– А пока на Вещеру не попадешь – не услышишь. Сие есть тайна великая. Бренки и калики замалчивают, чтоб послушников в узде держать. Так ведь и суд Ослаба вам нипочем! – Бродяга вздохнул, разлегся на лежанке. – Не хоромы строить тебе надо, а кукушку искать.
Хоть «снежный человек» принес ему огонь, но Ражный вдруг подумал, что сам бы к нему не пошел, чтоб разжиться угольками, – как и к Вяхирю…
– Ну что стоишь? – поторопил бродяга снисходительно. – Ноги в руки и бегом за своей долей!
– Сейчас некогда, – в сторону обронил Ражный. – Рамы вставить надо, тепло уходит…
– Вот вы, вотчинники, все одинаковые! – лениво изумился бродяга. – Домовитые!.. Но в стенах ли счастье?
Ражный развел на улице костер и с прежними смутными, беспокойными чувствами начал прокаливать замазку на стеклах.
Поздно вечером странствующий рыцарь молча запихал в рюкзак свой просушенный гардероб, положил на подоконник упаковку спичек и три парафиновые свечи.
– Ну, благодарствую за теплый прием, – сказал он на пороге. – Не поминай лихом. Вещера тут одна, может, и сведет еще…
– Переночуй, – предложил Ражный. – Куда ты на ночь глядя?
– Мне еще лучше в темноте. Я же Сыч – ночная птица…
И тотчас ушел в густой сумрак, насыщенный еще и сильнейшим снежным зарядом.
Гроза всего Вещерского леса, о котором предупреждал калик, на вид оказался не таким и грозным, даже благодарным, коль помнил о встрече на Памире и открыл тайну древнего обычая. И все равно на душе у Ражного было смутно и неспокойно. Будто Сыч не только принес спички и растопил печь, но еще заронил искру надежды на избавление от сирого существования в лесах, хотя Ражный начинал привыкать к нему и уже ощущал, что не просто выживает здесь и ждет окончательного приговора бренки, а живет. Останься он один на один с собой, в земляной берлоге, еще неизвестно, какое бы вызрело решение, не исключено, сейчас бы искал себе применение где-нибудь в миру, в большом спорте, где все покупается и продается.
Или бродяжил бы, как Сыч!
Неведомая покровительница могла быть кукушкой…
Эта осторожная, боязливая, как дикая птица, мысль вползла к нему в голову, как только бродяга, словно между прочим, походя, рассказал об утвержденном еще Сергием обычае.
Да она и есть кукушка! Одинокая, сирая, но гордая дева, ушедшая на Вещеру от позора прослыть брошенной невестой.
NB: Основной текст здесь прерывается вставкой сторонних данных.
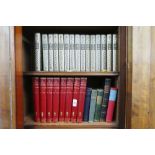 Two shelves of books to include Book of Knowledge Volumes I - XIII, Daphne Du Maurier novels,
И не он, а она отыскала оставленного на произвол судьбы послушника, принесла топор, тулуп, пищу…
И ни разу не явилась на глаза, не оставила ясного следа, чтобы можно было отыскать ее гнездо…
Ражный готов был бросить все и тотчас бежать на поиски, но в последний миг, словно медведь на рогатину, он натыкался на снисходительную, насмешливую фразу Сыча: «Ну чего стоишь? Ноги в руки и бегом за своей долей!»